→ **WORK INSTRUCTIONS**: The entries below must be retyped exactly. Pictures are to be omitted.

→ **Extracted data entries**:

* * *

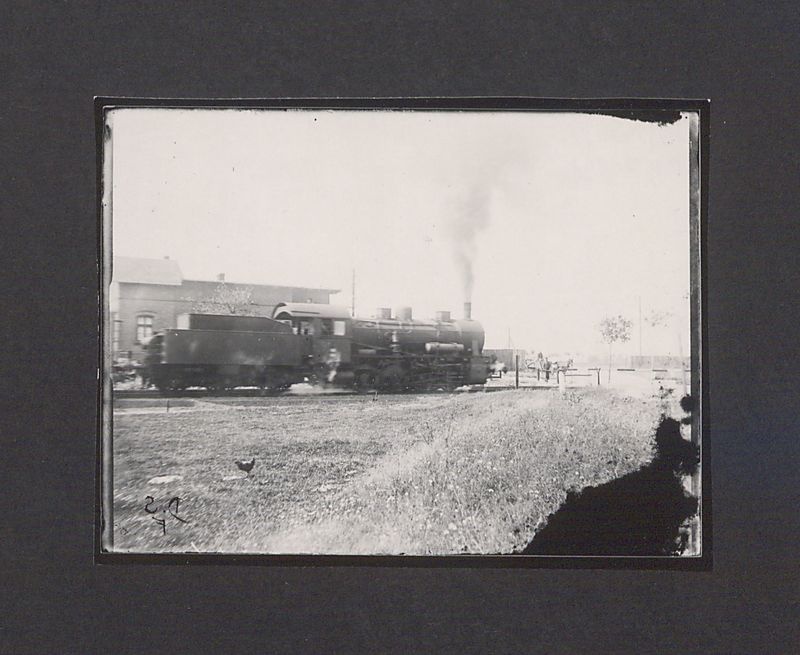 Szklane negatywy Dionizego Scholtza. Przejazd kolejowy na Dalkach.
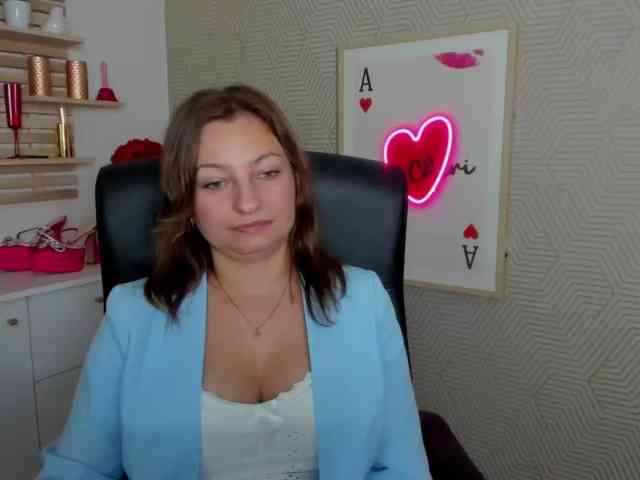 angelaLove13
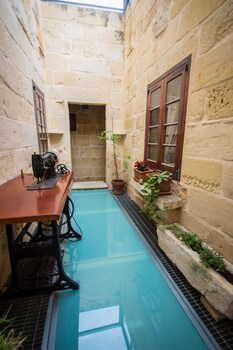 Hotel-Img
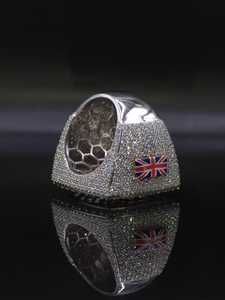 Colgante de lujo de plata de ley 925 con engaste pavé de moissanita VVS y micro pavé de diamantes, estilo hip hop, para fiestas. - Product Image 6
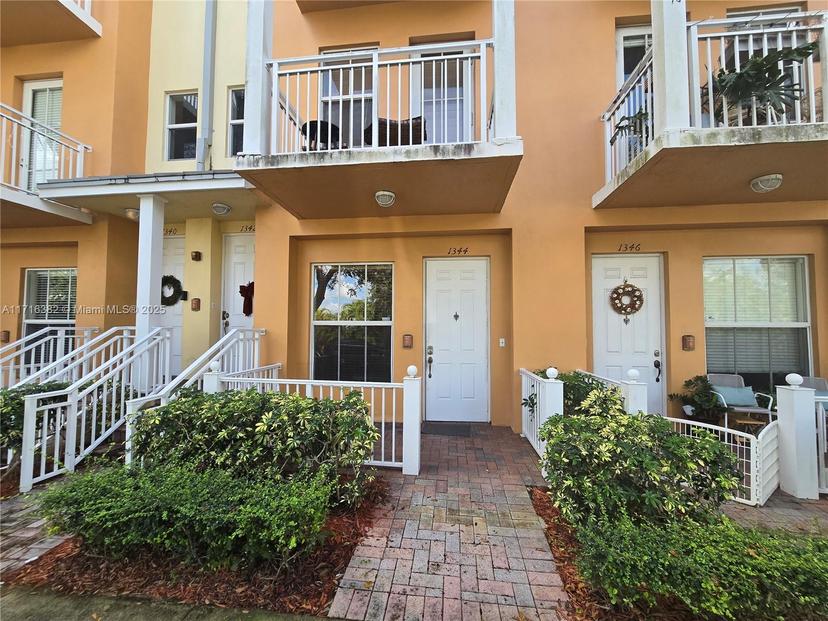 Picture of 1344 SW 2Nd Ct # 1344, Fort Lauderdale FL 33312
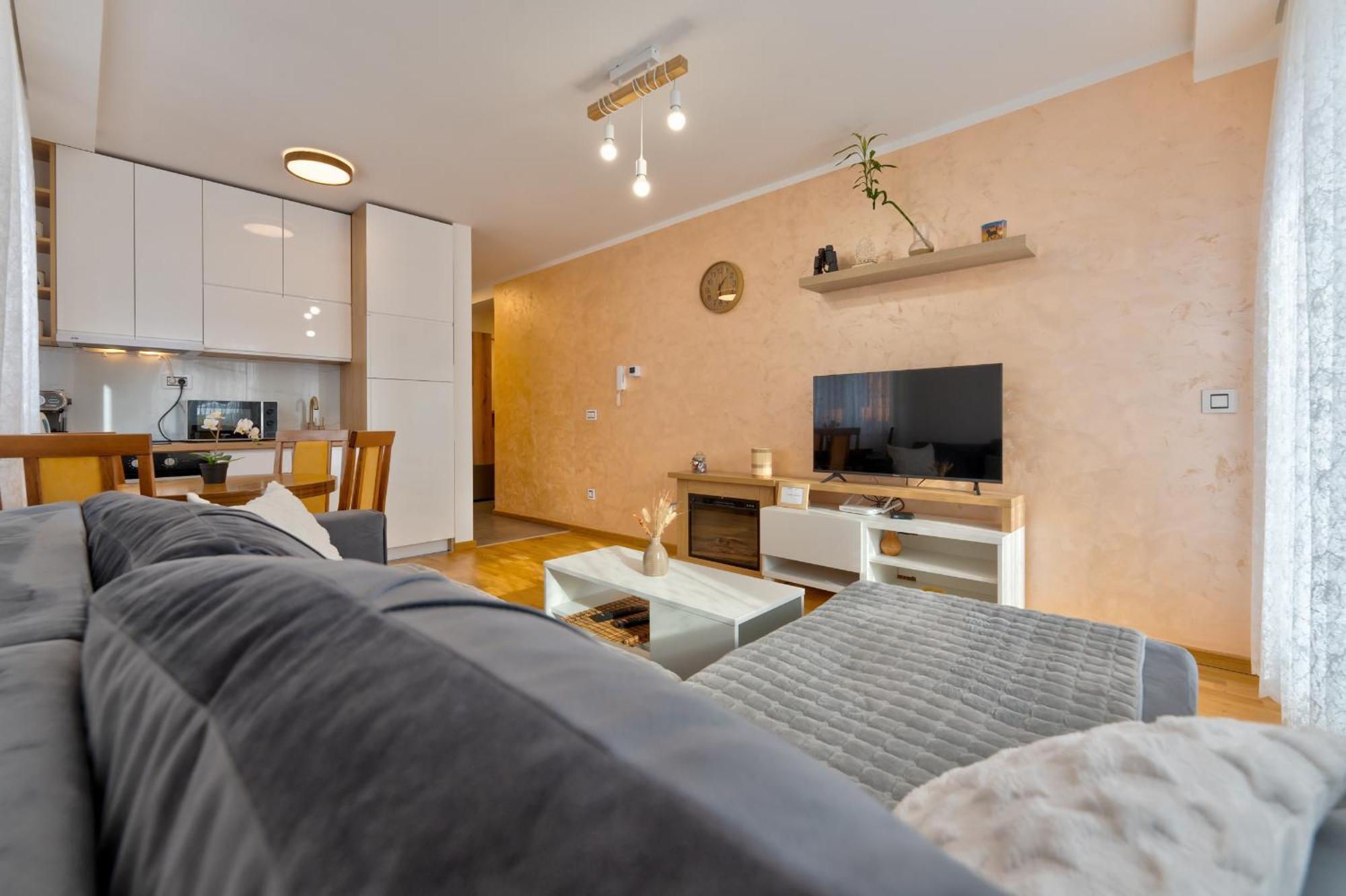 Tijana Apartment Zlatibor Bagian luar foto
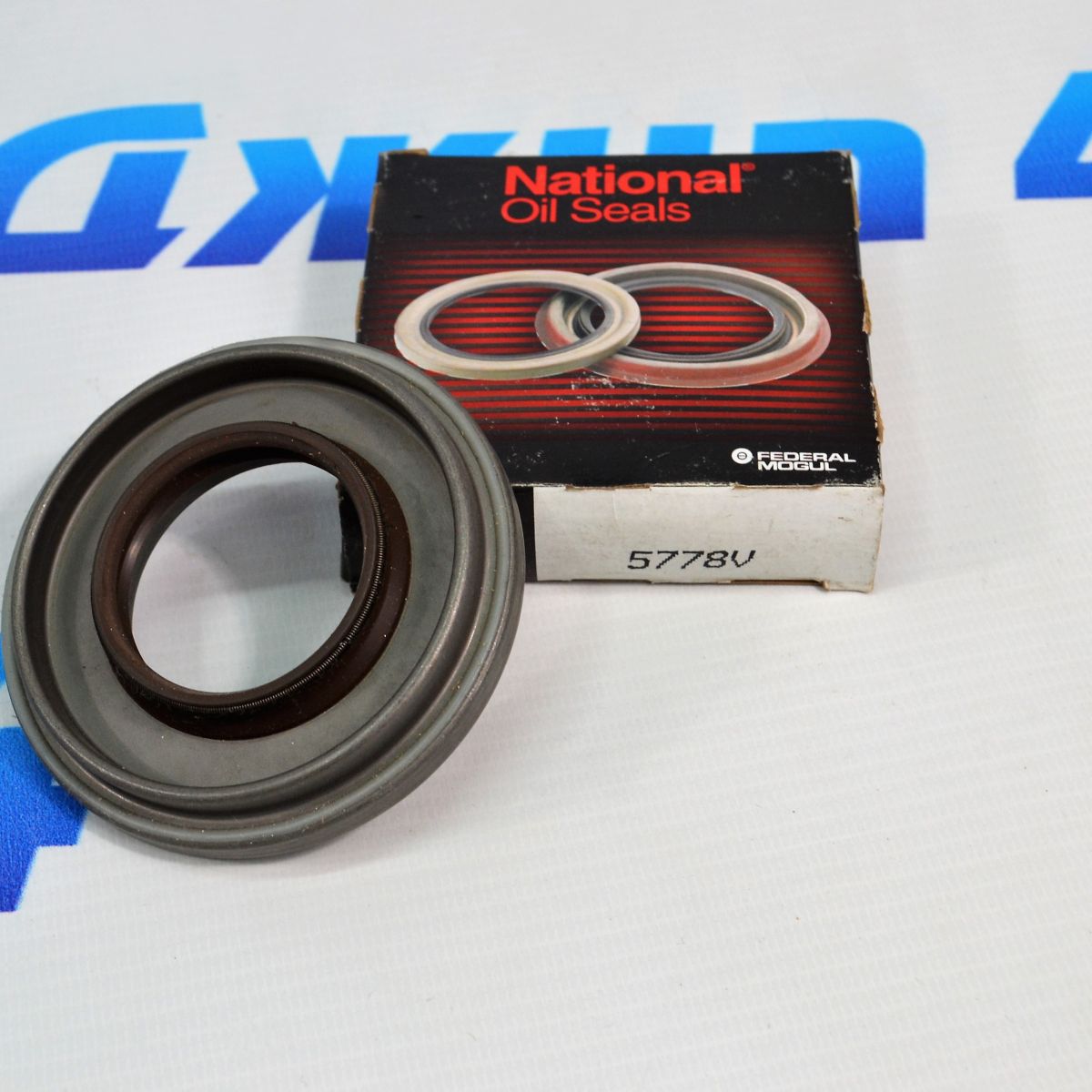 Сальник хвостовика переднего дифференциала Jeep Grand Cherokee WJ 1999-2004 5012454AA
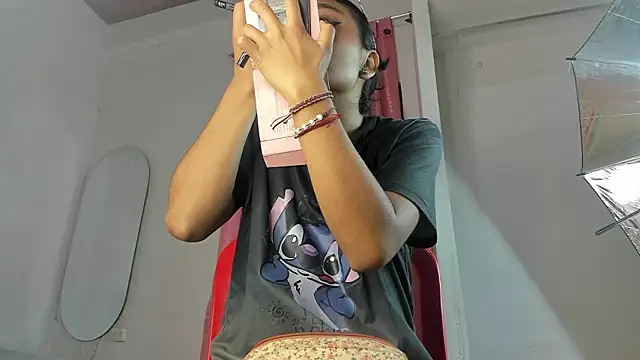 luna velveth online show from 02/28/26, 01:17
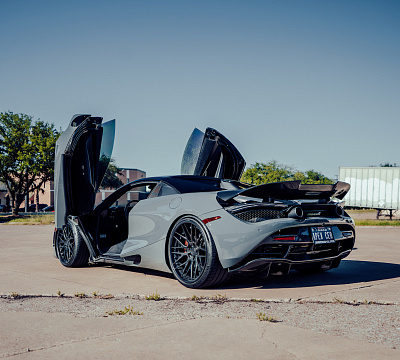 Фото дисков Strasse Wheels SV10M Deep Concave FS на McLaren 720S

* * *

→ **EXPECTED ANSWER**:
 Szklane negatywy Dionizego Scholtza. Przejazd kolejowy na Dalkach.
 angelaLove13
 Hotel-Img
 Colgante de lujo de plata de ley 925 con engaste pavé de moissanita VVS y micro pavé de diamantes, estilo hip hop, para fiestas. - Product Image 6
 Picture of 1344 SW 2Nd Ct # 1344, Fort Lauderdale FL 33312
 Tijana Apartment Zlatibor Bagian luar foto
 Сальник хвостовика переднего дифференциала Jeep Grand Cherokee WJ 1999-2004 5012454AA
 luna velveth online show from 02/28/26, 01:17
 Фото дисков Strasse Wheels SV10M Deep Concave FS на McLaren 720S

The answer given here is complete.